During the CIA's holy war against the USSR in Afghanistan, the US-trained and funded Moujahedeen drugged captured Soviet soldiers and kept them in cages. A reporter from the Far Eastern Economic Review told of Soviet soldiers killed, skinned, and hung in a butcher's shop. "One captive," he reported, "found himself the center of attraction in a game of buzkashi," an Afghan form of polo using a headless goat as the ball. In this case, the Soviet captive was used, alive. "He was literally torn to pieces," said the reporter.

And we're going to bring the Afghans democracy? A few days ago the Obama Administration announced a new Afghan drug policy, subsidies for corrupt government officials instead of eradication of opium poppies. This isn't going to work; in fact, nothing is going to work in Afghanistan.

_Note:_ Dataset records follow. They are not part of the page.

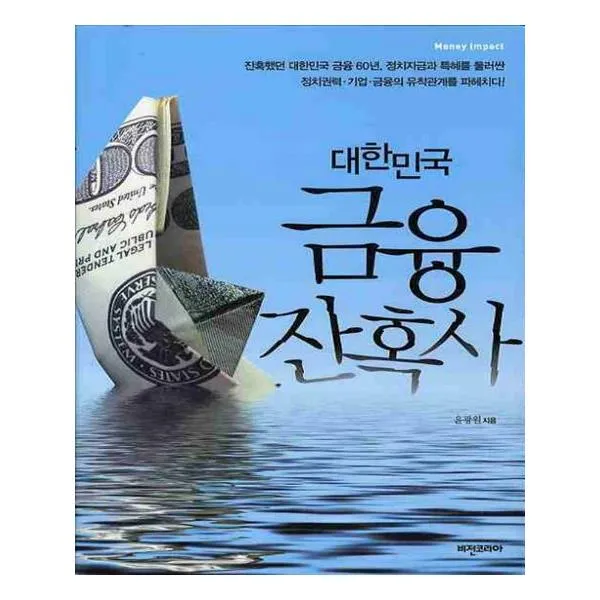 대한민국 금융 잔혹사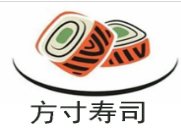 方寸壽司加盟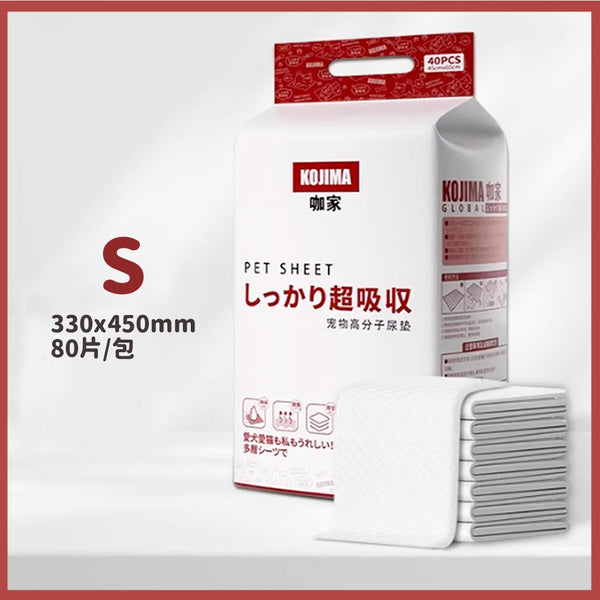 KOJIMA 寵物尿墊尿墊 S(80pcs)【加厚材質/瞬間乾爽】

The first time I heard Obama speak on TV about Afghanistan after his election, I felt a tinge of hopefulness. Unlike his predecessor, he actually knew something about Afghanistan's turbulent and bloody history. Since then, I've grown increasingly disillusioned that he's taking that history into account when setting U.S. policy. In yesterday's Guardian, Simon Jenkins sounded the alarm that Obama's policies in Afghanistan are leading to another Vietnam calibre catastrophe. He's right and the catastrophe won't be just for the Afghan people but for Americans as well. He's got to stop and he's got to stop now or he'll leave the presidency as loathed and reviled as LBJ did. "Senseless slaughter and anti-western hysteria are all America and Britain's billions have paid for in a counterproductive war. If good intentions ever paved a road to hell, they are doing so in Afghanistan."
History rarely declares when folly turns to ­disaster, but it does so now. Barack Obama and his amanuensis, Gordon Brown, are uncannily repeating the route taken by American leaders in Vietnam from 1963 to 1975. Galbraith once said that the best thing about the Great Depression was that it warned against another. Does the same apply to Vietnam?

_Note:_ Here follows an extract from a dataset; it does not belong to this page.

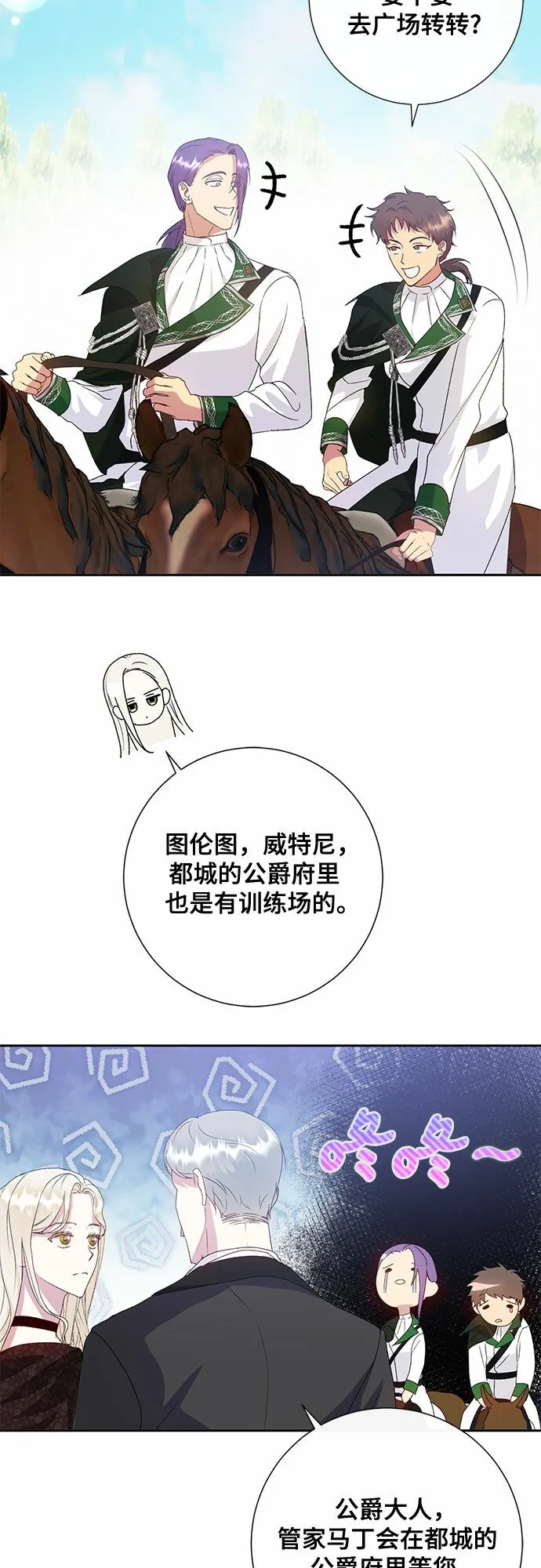 第10话 第20页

Vietnam began with Kennedy's noble 1963 intervention, to keep the communist menace at bay and thus make the world safe for democracy. That is what George Bush and Tony Blair said of ­terrorism and Afghanistan. Vietnam escalated as the Diem regime in Saigon failed to contain Vietcong aggression and was deposed with American ­collusion. By 1965, despite Congress scepticism, American advisers, then planes, then ground forces were deployed... The presence of Americans on Asian soil turned a local insurgency into a regional crusade. Foreign aid rallied to the Vietcong cause to resist what was seen as a neo-imperialist invasion. The hard-pressed Americans resorted to ever more extensive bombing, deep inside neighbouring countries, despite ­evidence that it was ineffective and politically counterproductive.

No amount of superior firepower could quell a peasant army that came and went by night and could terrorise or merge into the local population. Tales of American atrocities rolled in each month. The army counted success not in territory held but in enemy dead. A desperate attempt to "train and equip" a new Vietnamese army made it as corrupt as it was unreliable. Billions of dollars were wasted. A treaty with the Vietcong in 1973 did little to hide the humiliation of eventual defeat.

Every one of these steps is being re-enacted in Afghanistan. Every sane observer, even serving generals and diplomats, admit that "we are not winning" and show no sign of doing so. The head of the British army, Sir Richard Dannatt, remarked recently on the "mistakes" of Iraq as metaphor for Afghanistan. He has been supported by warnings from his officers on the ground.

...A classic is a long editorial in ­Monday's New York Times, congratulating Barack Obama on "sending more troops to the fight" but claiming that there were still not enough. In addition there were too many corrupt politicians, too many drugs, too many weapons in the wrong hands, too small a local army, too few police and not enough "trainers". The place was damnably unlike Connecticut.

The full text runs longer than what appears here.